Bande dessinée : de Mayotte à Angoulême
Peu évoquée par le neuvième art, l’émigration des Africains vers l’Europe nourrit le récit de deux albums sélectionnés par le Festival international de la BD.
Nominés pour le prix du meilleur album au Festival international de bande dessinée d’Angoulême, en France, Droit du sol, de Charles Masson, et La Jeune Fille et le Nègre, de Judith Vanistendael, à mi-chemin entre la fiction et l’autobiographie, abordent un sujet peu traité en BD : l’émigration des peuples africains vers l’Europe.
Histoire d’amour pleine d’émotion
Charles Masson a passé de nombreux mois à Mayotte, collectivité départementale française dont le statut et la richesse attirent les candidats à l’émigration. Médecin de profession, il s’est servi de son expérience pour dessiner Droit du sol. En quelque 400 pages, il dresse le portrait de ce territoire à part, où s’échouent aussi bien des clandestins prêts à tout que des hommes blancs paumés dont l’argent attire les bonnes grâces de pauvres jeunes filles et leur donne l’impression d’être aimés.

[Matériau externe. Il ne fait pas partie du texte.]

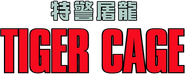 Tiger Cage Logo
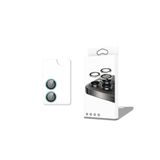 Gpack Apple iPhone 16 Plus ile Uyumlu Kamera Koruyucu Safir Cam Anti-Reflective CL12, Yeşil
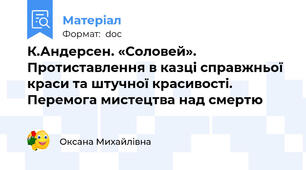 К.Андерсен. «Соловей». Протиставлення в казці справжньої краси та штучної красивості. Перемога мистецтва над смертю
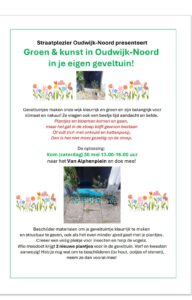 Groen & Kunst 2026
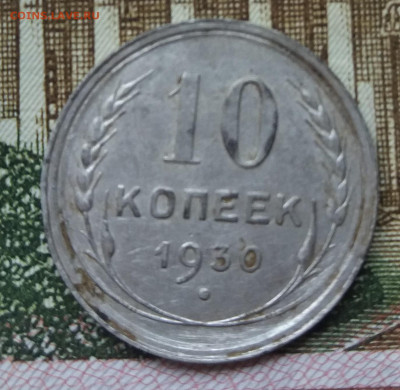 10 копеек 1930 г.разновидность? - 20210815_150744
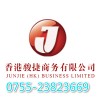 香港駿捷商務(wù)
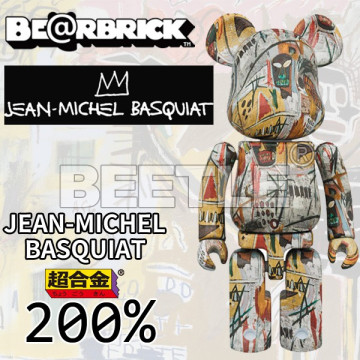 BEETLE BE@RBRICK 巴斯奇亞 JEAN MICHEL BASQUIAT 超合金 初代 200%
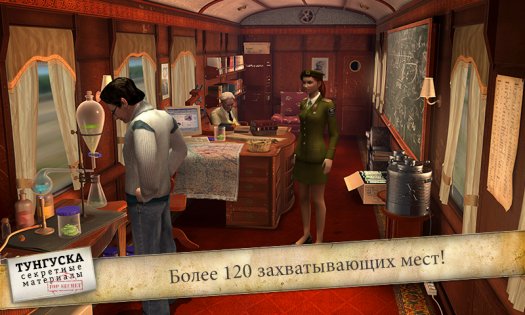 Secret Files Tunguska 1.0.28. Скриншот 6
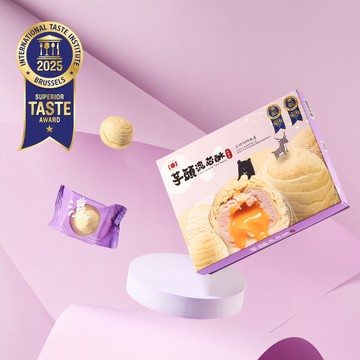 芋頭流芯酥★連續三年榮獲食品界米其林1星肯定★藝人推薦★【大友食品】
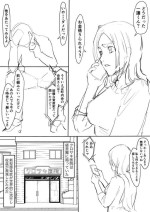 [Iwao178] Orihime Manga Updated 7/2022 (Bleach)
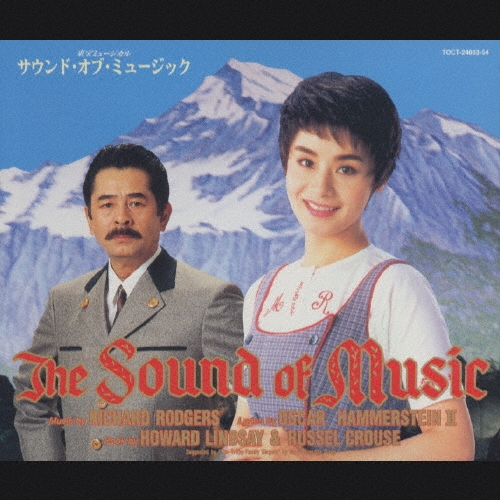 東宝ミュージカル「サウンド・オブ・ミュージック」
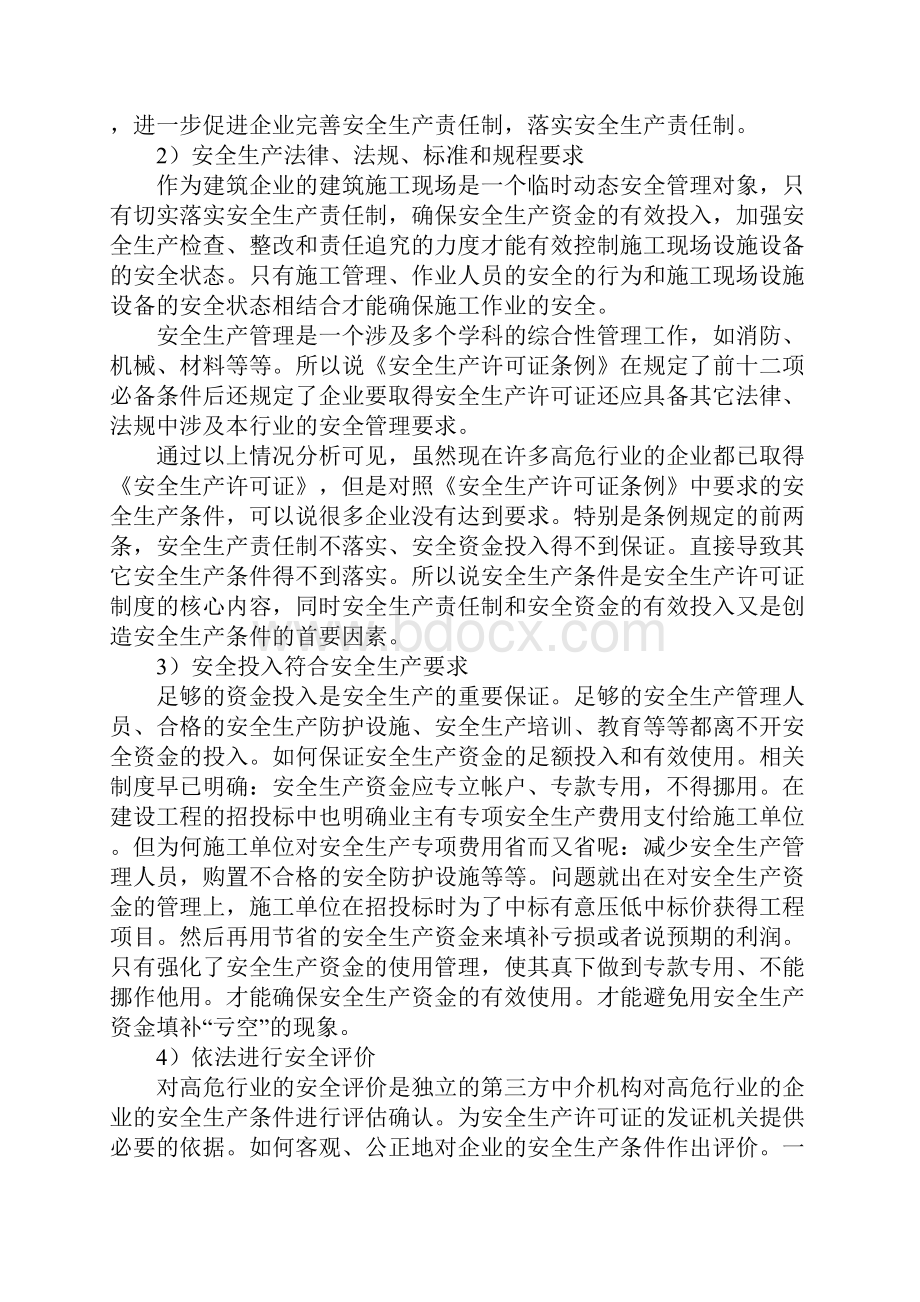 落实安全生产管理制度.docx_第3页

Avec La Jeune Fille et le Nègre, Judith Vanistendael se situe quant à elle dans un tout autre registre. Derrière le titre volontairement provocateur se cache une histoire d’amour pleine d’émotion inspirée de sa propre expérience. Sophie, jeune femme belge aisée, tombe amoureuse d’un Togolais en attente de l’asile politique. Face aux difficultés qu’il rencontre, elle décide de se marier avec lui. Réaction mitigée des parents qui ont du mal à cacher leurs préjugés racistes, naïveté d’une jeune fille de 19 ans qui veut changer le monde… Judith Vanistendael pose avec beaucoup de finesse les sentiments des différents protagonistes.
Dénoncer
Très précises dans leur analyse, dessinées d’un trait souple en noir et blanc qui en renforce le réalisme, ces deux BD ne sont pas uniquement des témoignages touchants, parfois tragiques, parfois drôles… « Avant 2005, explique Charles Masson, Mayotte était une île où le métissage fonctionnait. Les clandestins s’installaient et finissaient par avoir des papiers. Puis on a commencé à les renvoyer, ce qui a engendré des situations terribles. Droit du sol est une critique de cette politique aberrante. » Pour Judith Vanistendael aussi, au-delà de cette histoire d’amour, « il y avait la volonté de montrer l’attente que fait subir l’administration aux demandeurs d’asile. Cela dure des années, au cours desquelles le réfugié ne peut ni travailler ni quitter le territoire, le menant à un état de quasi-dépression. Dans le fond, conclut-elle, cela tuerait n’importe quel couple… » Droit du sol et La Jeune Fille et le Nègre sont aussi deux récits engagés qui montrent que la BD peut interroger avec talent la réalité.